Mais comme Dieu n'est que pure forme, que son ''il est'' est son être même, alors il n'y a pas de composition en lui : son être est parfaitement un, et il le demeure dans son existence effective qui se passe de la matière. C'est ainsi qu'il faut entendre que la substance divine est (a) ce qu'elle est (b), c'est à dire que son existence effective (a) ne nécessite aucune composition mais est identique à son être, à sa forme, qui elle est une (b). Dieu est donc quelque-chose par sa seule forme, par son seul être.
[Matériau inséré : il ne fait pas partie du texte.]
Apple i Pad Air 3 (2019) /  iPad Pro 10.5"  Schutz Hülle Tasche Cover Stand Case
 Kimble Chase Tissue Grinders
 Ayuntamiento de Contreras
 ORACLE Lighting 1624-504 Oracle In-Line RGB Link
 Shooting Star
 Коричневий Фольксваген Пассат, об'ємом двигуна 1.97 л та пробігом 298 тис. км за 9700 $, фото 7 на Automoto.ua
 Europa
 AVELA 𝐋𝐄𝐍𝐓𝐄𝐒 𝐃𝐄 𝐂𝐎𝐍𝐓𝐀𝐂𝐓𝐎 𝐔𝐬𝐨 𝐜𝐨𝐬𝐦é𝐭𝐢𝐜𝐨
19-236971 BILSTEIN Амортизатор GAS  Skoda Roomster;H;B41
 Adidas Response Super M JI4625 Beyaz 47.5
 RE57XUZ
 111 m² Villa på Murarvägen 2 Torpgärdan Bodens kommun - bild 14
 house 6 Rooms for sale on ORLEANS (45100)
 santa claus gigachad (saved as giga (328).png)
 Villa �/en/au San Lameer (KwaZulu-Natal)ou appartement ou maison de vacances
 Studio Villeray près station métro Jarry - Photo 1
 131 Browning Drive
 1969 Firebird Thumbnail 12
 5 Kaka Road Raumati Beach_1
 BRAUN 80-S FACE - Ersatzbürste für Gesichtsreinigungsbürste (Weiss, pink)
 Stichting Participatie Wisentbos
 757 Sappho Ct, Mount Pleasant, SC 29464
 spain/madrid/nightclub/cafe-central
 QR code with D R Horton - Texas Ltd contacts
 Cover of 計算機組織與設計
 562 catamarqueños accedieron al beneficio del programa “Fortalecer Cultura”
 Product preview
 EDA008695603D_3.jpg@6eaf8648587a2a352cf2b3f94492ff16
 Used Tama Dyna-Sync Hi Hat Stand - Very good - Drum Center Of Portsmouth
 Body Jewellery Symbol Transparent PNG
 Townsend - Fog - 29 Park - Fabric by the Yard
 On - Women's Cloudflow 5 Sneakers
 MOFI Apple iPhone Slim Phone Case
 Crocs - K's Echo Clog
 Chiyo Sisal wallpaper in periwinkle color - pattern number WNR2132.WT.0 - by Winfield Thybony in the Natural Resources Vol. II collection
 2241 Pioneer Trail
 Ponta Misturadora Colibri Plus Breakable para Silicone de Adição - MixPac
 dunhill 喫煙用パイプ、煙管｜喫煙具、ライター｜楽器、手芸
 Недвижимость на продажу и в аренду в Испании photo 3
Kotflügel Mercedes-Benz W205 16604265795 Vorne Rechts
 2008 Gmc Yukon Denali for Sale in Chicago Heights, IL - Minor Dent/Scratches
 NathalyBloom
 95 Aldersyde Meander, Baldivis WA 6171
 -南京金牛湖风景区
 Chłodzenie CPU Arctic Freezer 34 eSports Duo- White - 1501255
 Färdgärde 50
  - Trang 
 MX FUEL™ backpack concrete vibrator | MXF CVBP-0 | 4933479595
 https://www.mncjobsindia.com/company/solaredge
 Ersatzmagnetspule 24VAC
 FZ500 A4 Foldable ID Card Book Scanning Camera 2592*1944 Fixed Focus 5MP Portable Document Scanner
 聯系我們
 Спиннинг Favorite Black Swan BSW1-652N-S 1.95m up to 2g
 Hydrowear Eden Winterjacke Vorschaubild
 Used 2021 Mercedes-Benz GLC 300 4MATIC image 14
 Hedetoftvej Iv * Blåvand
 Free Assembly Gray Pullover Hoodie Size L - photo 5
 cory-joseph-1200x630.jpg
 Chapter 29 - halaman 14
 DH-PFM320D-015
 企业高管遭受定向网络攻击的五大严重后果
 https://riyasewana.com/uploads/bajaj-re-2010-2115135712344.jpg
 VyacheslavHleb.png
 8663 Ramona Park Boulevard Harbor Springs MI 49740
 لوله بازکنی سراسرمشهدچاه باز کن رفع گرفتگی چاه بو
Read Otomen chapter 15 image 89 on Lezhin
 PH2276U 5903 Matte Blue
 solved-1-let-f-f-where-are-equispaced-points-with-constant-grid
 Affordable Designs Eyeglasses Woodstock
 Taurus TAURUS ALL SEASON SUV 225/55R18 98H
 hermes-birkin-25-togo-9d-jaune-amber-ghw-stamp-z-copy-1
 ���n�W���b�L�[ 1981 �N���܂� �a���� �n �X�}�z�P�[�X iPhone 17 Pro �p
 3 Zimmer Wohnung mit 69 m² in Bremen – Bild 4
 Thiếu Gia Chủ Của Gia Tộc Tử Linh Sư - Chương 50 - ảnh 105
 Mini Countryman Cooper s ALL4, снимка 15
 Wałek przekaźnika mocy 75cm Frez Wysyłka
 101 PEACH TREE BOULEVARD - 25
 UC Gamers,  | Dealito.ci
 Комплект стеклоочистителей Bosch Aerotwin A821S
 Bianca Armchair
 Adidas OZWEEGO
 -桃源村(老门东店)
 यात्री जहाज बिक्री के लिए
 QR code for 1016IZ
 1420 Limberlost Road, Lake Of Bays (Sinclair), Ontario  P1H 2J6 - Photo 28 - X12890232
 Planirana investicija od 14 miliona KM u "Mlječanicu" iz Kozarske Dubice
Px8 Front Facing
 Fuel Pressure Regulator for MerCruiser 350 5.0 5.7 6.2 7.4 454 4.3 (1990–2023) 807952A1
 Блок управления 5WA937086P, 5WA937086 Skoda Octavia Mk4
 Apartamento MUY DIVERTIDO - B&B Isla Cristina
La substance divine se distingue par là de toutes les autres, qui ont besoin de la matière pour ''être-quelque chose''.

Boèce tire ensuite la résultante de cette distinction établie entre la substance divine et les autres substances selon que l'une est ce qu'elle est, et que les autres ne sont pas ce qu'elles sont. Cette distinction lui permet d'établir, d'une part la beauté et la puissance de Dieu par rapport aux « autres réalités », et d'autre part d'exclure la pluralité en lui, ce qui constitue un nouveau pas dans la démonstration de son unité.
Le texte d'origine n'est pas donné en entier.